> [WHAT THIS TASK INVOLVES]
Take the lines below from the one with "What happens to" through the one with "Hade online show" and retype them exactly. Include nothing else, and no pictures.

> [EXERCISE DATA]
==============================
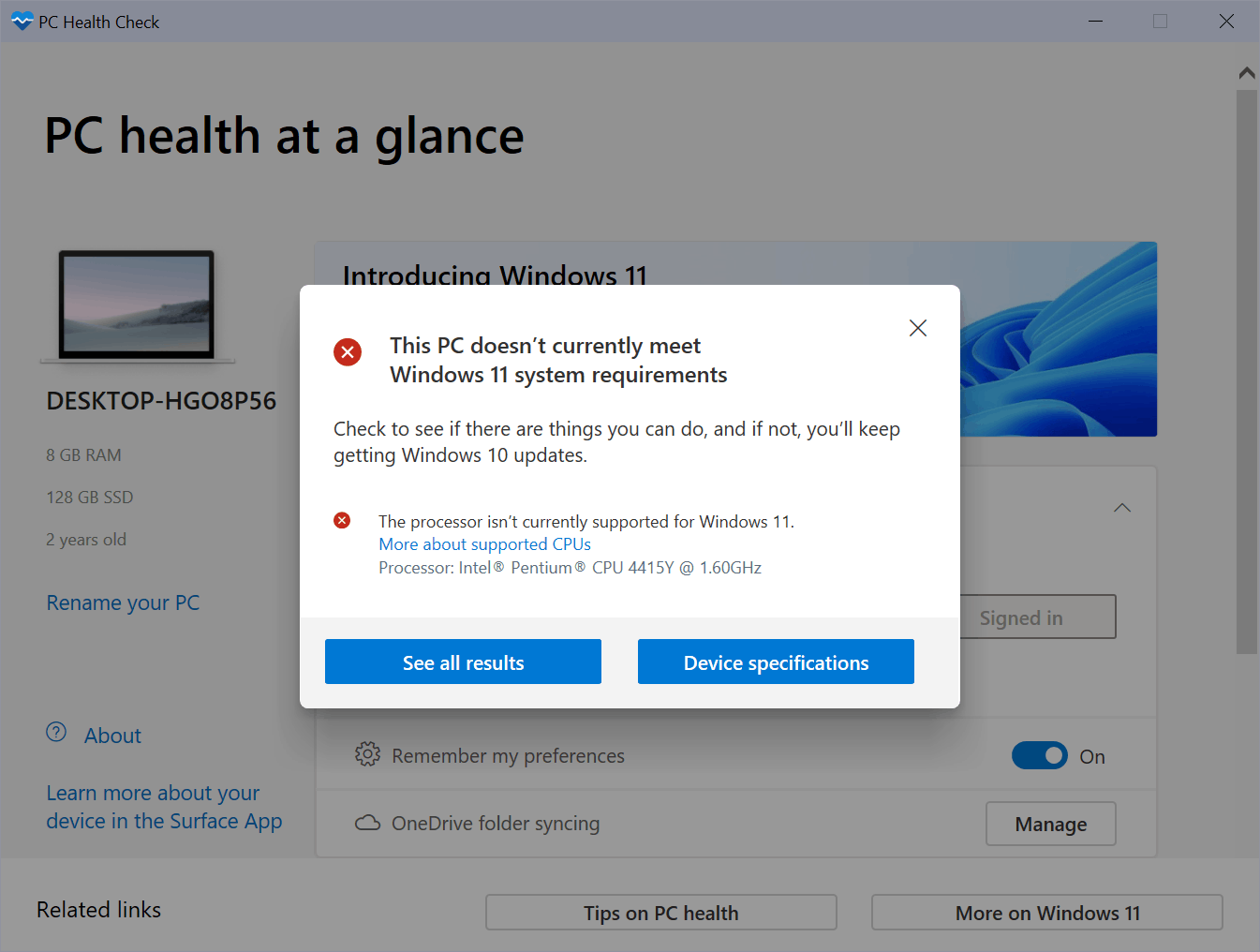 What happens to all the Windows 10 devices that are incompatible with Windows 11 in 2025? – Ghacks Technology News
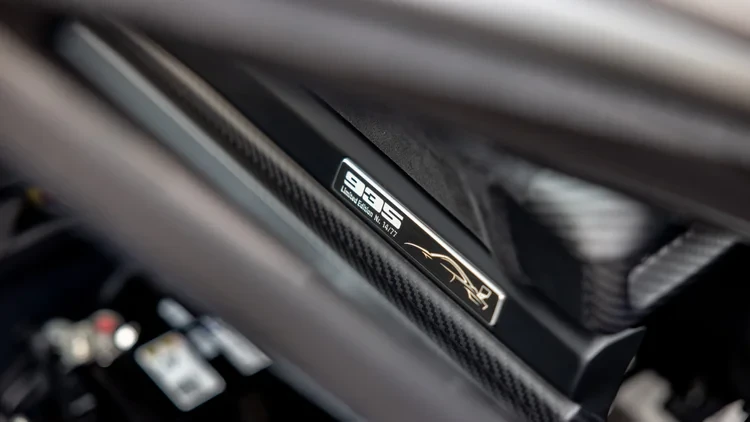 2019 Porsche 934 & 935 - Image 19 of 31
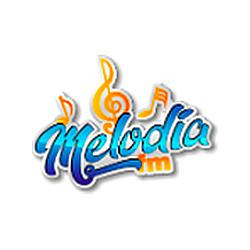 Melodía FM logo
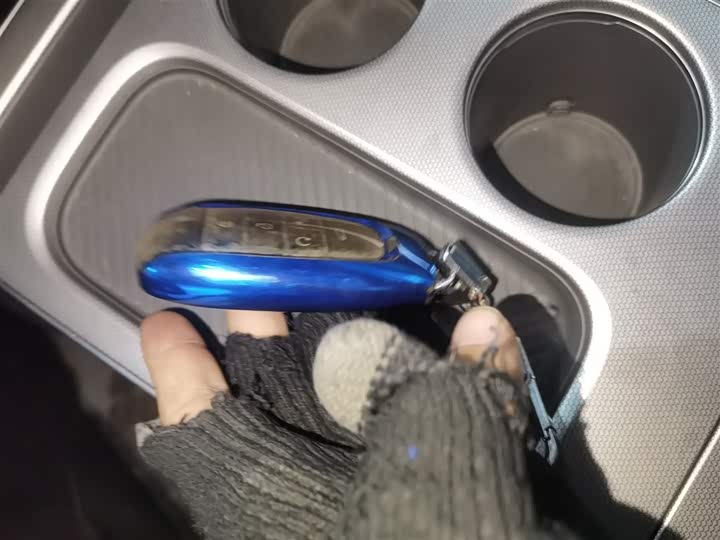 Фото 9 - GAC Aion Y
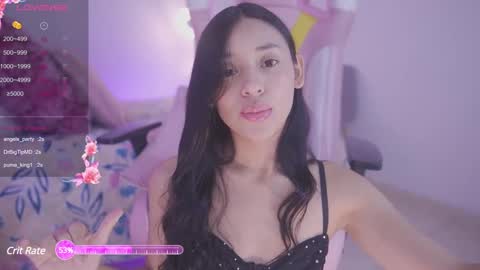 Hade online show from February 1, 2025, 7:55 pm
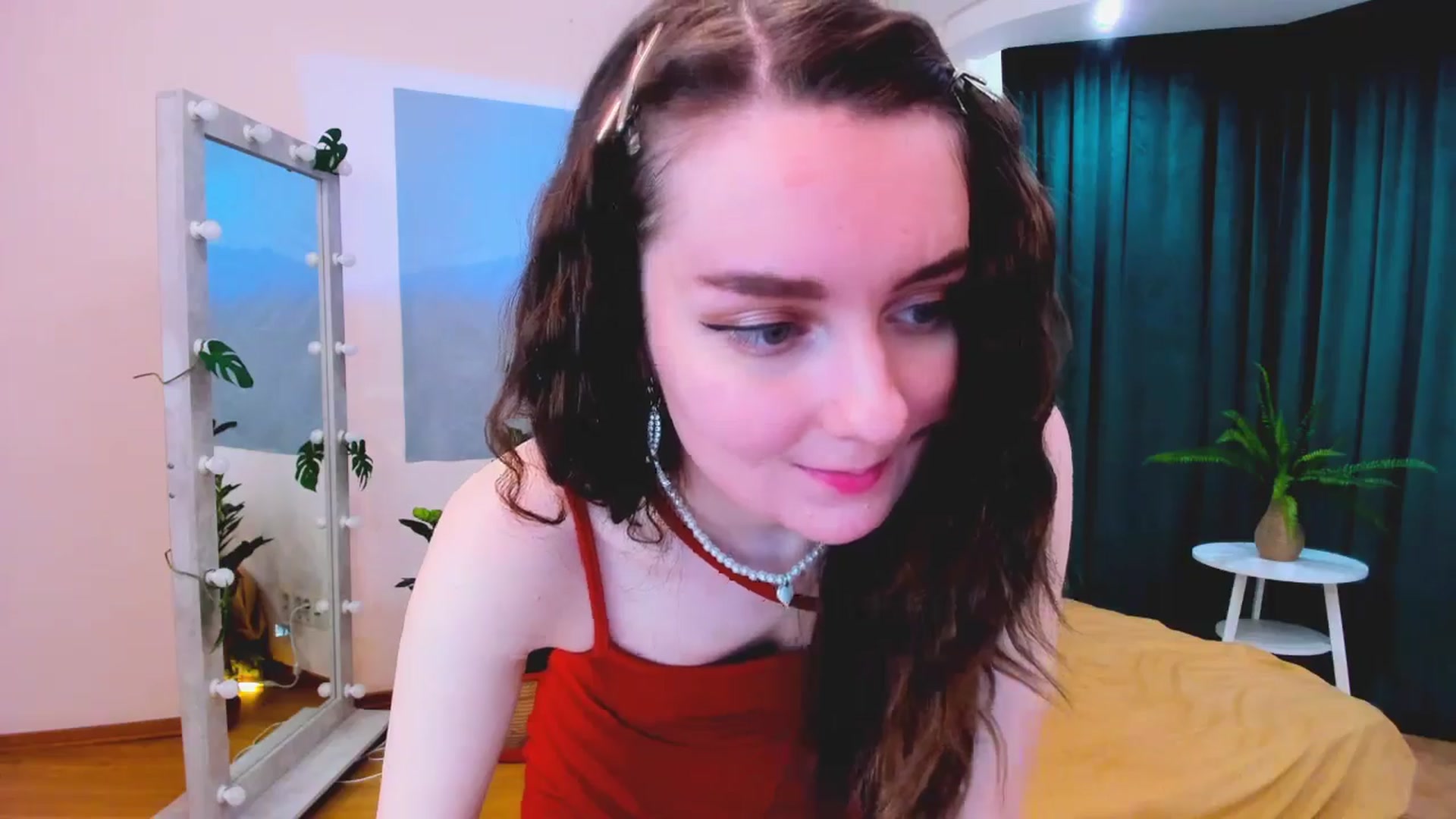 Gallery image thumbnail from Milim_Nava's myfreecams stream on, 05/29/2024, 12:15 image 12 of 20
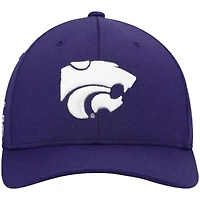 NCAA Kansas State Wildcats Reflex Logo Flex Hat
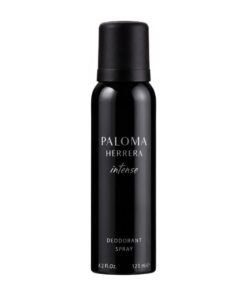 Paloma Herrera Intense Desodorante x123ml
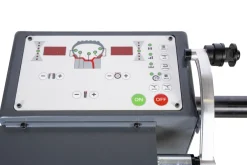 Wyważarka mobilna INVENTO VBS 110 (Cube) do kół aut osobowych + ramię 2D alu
==============================
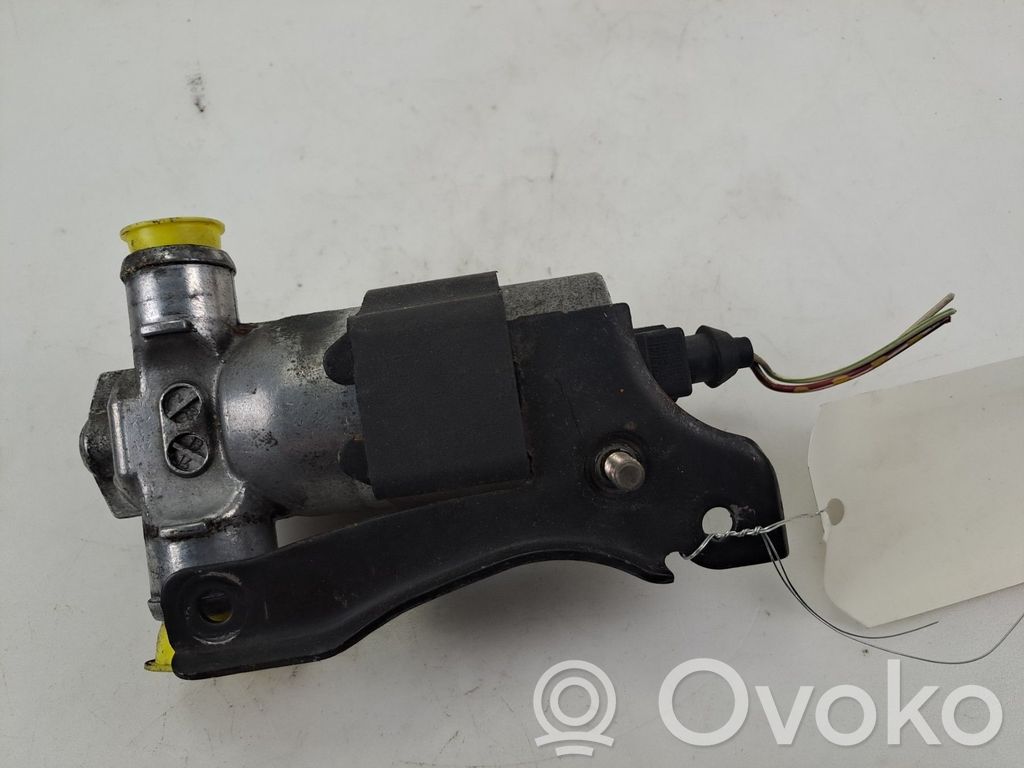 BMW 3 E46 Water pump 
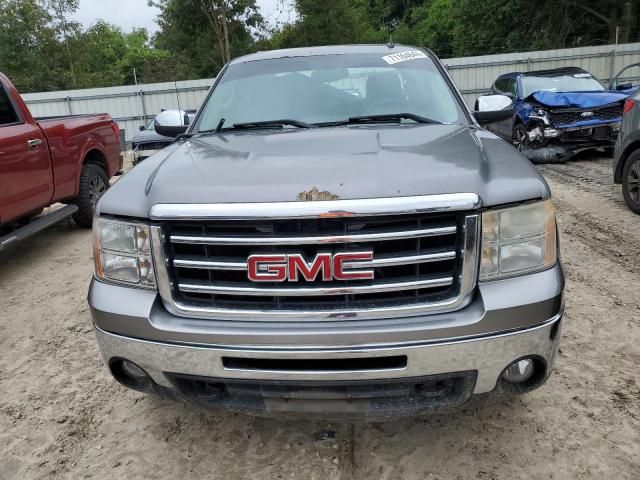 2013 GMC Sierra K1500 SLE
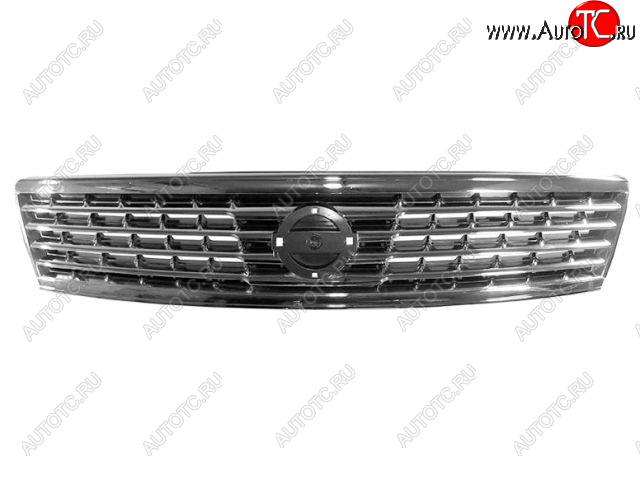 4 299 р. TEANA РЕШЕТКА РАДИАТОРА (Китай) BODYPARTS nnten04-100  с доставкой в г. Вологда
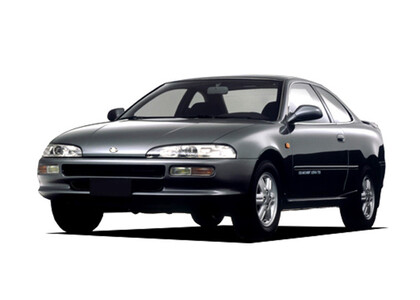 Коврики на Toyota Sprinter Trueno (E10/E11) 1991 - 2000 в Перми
==============================
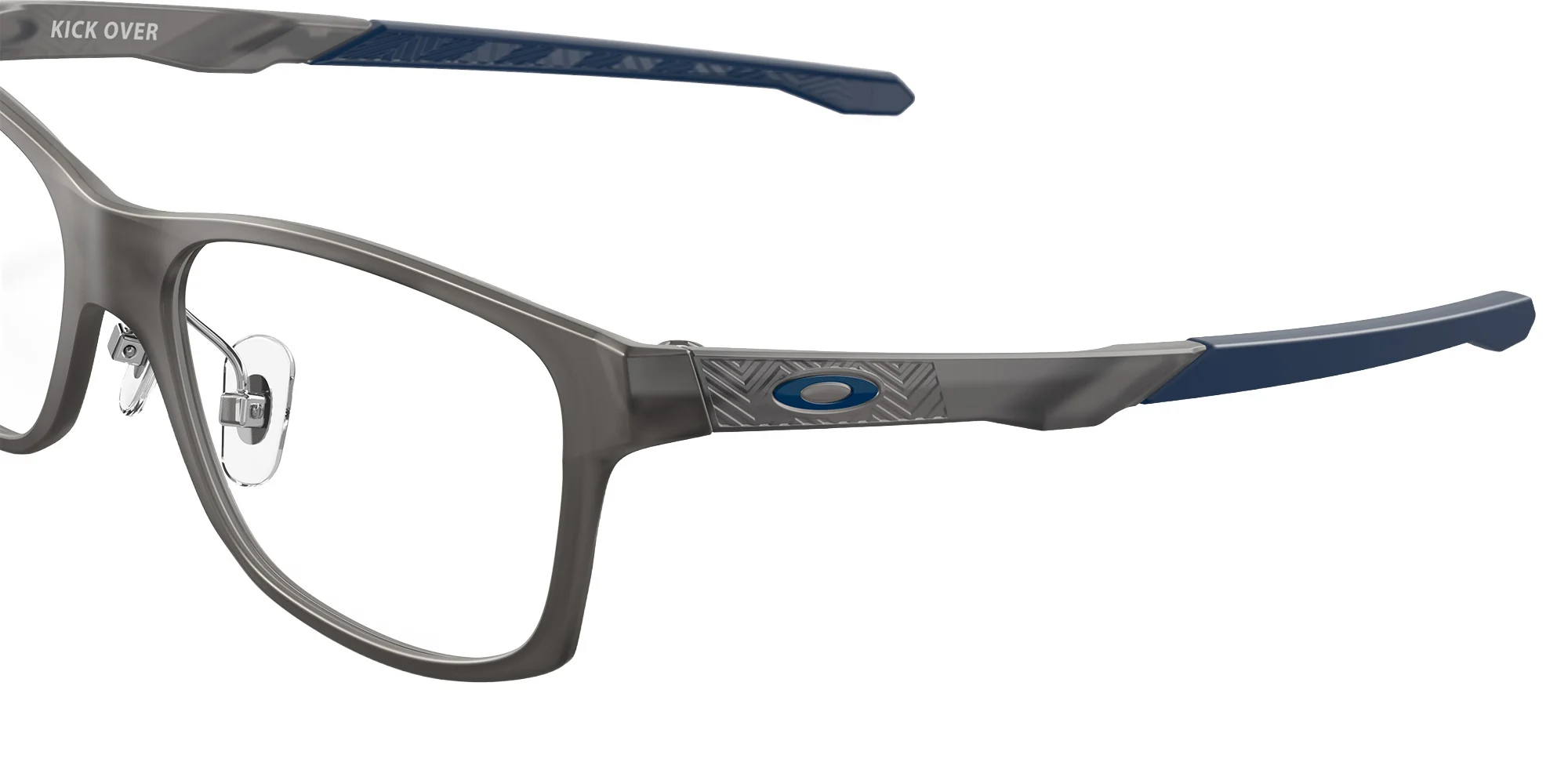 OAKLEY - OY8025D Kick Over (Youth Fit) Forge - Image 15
==============================
> [COMPLETED TASK]
 What happens to all the Windows 10 devices that are incompatible with Windows 11 in 2025? – Ghacks Technology News
 2019 Porsche 934 & 935 - Image 19 of 31
 Melodía FM logo
 Фото 9 - GAC Aion Y
 Hade online show from February 1, 2025, 7:55 pm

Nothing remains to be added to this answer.